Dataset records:
■ ■ ■ ■ ■ ■ ■

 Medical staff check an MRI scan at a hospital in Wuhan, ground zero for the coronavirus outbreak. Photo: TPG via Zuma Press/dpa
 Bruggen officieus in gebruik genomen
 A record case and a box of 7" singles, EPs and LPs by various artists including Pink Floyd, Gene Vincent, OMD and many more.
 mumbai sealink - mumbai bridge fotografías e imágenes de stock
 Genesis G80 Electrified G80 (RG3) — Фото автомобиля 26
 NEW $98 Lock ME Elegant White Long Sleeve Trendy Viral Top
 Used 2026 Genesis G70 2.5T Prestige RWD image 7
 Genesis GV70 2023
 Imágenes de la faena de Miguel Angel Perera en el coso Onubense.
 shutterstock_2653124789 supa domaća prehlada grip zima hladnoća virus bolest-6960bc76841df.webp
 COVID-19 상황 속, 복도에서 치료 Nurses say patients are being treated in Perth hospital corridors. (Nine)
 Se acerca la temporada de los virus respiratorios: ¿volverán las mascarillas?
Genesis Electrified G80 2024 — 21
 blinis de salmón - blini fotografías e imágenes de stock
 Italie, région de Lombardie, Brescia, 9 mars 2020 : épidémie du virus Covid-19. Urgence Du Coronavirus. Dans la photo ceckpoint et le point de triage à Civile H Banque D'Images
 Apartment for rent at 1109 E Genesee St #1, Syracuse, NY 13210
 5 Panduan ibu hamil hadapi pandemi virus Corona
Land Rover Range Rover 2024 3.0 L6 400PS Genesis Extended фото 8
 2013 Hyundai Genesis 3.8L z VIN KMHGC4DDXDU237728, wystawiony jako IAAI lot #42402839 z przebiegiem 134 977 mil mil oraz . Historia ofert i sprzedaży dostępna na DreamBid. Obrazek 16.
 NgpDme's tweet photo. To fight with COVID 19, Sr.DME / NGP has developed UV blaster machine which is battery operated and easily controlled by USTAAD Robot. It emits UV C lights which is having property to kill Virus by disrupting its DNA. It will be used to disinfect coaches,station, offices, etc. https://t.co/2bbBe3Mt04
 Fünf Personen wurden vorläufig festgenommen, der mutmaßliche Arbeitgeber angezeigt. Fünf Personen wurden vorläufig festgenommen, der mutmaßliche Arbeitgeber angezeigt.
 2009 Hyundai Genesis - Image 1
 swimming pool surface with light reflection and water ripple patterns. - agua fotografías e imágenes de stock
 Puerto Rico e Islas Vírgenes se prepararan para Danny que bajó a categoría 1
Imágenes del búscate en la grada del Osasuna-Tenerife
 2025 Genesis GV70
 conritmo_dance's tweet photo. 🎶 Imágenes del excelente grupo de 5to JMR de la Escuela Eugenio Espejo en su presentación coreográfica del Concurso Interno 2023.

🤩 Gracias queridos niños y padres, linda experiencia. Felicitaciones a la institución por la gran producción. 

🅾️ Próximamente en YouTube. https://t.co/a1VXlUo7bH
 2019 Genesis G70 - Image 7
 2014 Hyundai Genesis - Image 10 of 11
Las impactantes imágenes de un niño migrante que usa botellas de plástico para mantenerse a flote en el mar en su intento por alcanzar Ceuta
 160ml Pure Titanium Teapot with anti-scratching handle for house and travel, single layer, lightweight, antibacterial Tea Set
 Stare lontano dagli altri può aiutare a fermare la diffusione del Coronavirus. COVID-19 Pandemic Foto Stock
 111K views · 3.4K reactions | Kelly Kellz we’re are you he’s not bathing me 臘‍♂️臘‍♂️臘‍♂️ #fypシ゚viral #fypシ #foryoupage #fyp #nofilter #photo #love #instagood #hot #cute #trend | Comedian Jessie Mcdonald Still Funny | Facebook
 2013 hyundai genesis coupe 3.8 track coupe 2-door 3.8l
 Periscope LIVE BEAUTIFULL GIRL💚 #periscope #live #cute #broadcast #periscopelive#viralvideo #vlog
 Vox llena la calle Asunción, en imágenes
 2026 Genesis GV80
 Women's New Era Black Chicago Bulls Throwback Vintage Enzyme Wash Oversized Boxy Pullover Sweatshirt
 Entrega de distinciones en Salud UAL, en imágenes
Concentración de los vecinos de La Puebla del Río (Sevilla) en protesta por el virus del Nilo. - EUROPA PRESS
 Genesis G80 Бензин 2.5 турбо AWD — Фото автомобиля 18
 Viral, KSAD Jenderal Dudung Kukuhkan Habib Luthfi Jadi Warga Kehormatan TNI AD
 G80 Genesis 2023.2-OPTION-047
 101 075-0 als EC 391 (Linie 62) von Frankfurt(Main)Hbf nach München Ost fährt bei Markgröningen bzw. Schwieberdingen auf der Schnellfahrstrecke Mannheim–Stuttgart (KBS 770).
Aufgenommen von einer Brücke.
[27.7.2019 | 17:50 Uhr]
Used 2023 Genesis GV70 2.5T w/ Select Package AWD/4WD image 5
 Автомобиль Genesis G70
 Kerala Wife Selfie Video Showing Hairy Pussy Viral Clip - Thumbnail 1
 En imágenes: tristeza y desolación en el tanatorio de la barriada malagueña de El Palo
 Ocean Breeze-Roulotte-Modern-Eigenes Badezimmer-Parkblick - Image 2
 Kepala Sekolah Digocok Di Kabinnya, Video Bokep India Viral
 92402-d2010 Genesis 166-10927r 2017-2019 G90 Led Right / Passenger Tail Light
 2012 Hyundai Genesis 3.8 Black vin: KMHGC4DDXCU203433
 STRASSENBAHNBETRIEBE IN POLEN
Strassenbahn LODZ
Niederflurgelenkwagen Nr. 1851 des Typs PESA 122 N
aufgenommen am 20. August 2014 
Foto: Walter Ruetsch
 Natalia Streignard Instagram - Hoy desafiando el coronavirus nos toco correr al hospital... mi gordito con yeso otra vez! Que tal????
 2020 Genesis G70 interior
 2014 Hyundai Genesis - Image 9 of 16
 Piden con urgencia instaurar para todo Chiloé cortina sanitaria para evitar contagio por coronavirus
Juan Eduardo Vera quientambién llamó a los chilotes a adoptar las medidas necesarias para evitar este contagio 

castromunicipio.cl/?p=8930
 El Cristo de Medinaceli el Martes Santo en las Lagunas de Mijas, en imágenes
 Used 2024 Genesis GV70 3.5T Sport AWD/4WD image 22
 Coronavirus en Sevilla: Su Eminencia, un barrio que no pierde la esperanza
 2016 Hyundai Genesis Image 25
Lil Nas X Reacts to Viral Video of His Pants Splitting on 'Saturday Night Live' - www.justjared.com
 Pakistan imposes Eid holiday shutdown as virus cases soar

■ ■ ■ ■ ■ ■ ■

## TASK REQUIREMENTS:
Pick out and copy the lines of the entries that hold the string "Electrified".

## SOLUTION:
 Genesis G80 Electrified G80 (RG3) — Фото автомобиля 26
Genesis Electrified G80 2024 — 21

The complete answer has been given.